**Records for the task**

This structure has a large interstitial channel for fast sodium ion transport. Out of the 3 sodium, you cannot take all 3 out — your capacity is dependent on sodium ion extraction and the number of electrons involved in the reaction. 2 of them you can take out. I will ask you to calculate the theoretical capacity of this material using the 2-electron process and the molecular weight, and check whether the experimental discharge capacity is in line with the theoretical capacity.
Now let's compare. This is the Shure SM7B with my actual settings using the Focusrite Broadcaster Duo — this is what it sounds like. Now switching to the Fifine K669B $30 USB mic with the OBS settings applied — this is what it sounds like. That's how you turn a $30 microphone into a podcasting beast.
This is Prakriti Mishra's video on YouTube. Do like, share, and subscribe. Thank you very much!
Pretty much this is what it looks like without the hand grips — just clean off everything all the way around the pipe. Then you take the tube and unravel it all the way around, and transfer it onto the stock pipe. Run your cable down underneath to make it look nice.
--
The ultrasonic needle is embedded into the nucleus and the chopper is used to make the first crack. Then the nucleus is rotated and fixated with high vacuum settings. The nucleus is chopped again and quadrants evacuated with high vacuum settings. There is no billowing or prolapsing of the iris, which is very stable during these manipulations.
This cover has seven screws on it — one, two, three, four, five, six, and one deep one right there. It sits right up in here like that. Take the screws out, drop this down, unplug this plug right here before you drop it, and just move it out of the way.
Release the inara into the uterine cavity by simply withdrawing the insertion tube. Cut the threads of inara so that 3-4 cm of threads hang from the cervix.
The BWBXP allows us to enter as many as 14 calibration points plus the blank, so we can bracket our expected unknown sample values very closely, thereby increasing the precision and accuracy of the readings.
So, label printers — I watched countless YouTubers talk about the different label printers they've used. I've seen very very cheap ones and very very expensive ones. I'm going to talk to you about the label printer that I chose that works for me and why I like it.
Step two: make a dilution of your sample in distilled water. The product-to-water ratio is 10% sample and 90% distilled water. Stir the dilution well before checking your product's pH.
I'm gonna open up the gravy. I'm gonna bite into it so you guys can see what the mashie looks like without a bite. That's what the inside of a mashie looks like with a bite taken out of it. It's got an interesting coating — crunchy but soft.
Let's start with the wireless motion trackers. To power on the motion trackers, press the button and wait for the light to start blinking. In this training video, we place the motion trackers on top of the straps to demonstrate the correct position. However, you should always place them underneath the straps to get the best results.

**Directions**
Copy the entries above exactly, but only from the line holding "The BWBXP allows" through the line holding "Let's start with", both included.

**Response area**
The BWBXP allows us to enter as many as 14 calibration points plus the blank, so we can bracket our expected unknown sample values very closely, thereby increasing the precision and accuracy of the readings.
So, label printers — I watched countless YouTubers talk about the different label printers they've used. I've seen very very cheap ones and very very expensive ones. I'm going to talk to you about the label printer that I chose that works for me and why I like it.
Step two: make a dilution of your sample in distilled water. The product-to-water ratio is 10% sample and 90% distilled water. Stir the dilution well before checking your product's pH.
I'm gonna open up the gravy. I'm gonna bite into it so you guys can see what the mashie looks like without a bite. That's what the inside of a mashie looks like with a bite taken out of it. It's got an interesting coating — crunchy but soft.
Let's start with the wireless motion trackers. To power on the motion trackers, press the button and wait for the light to start blinking. In this training video, we place the motion trackers on top of the straps to demonstrate the correct position. However, you should always place them underneath the straps to get the best results.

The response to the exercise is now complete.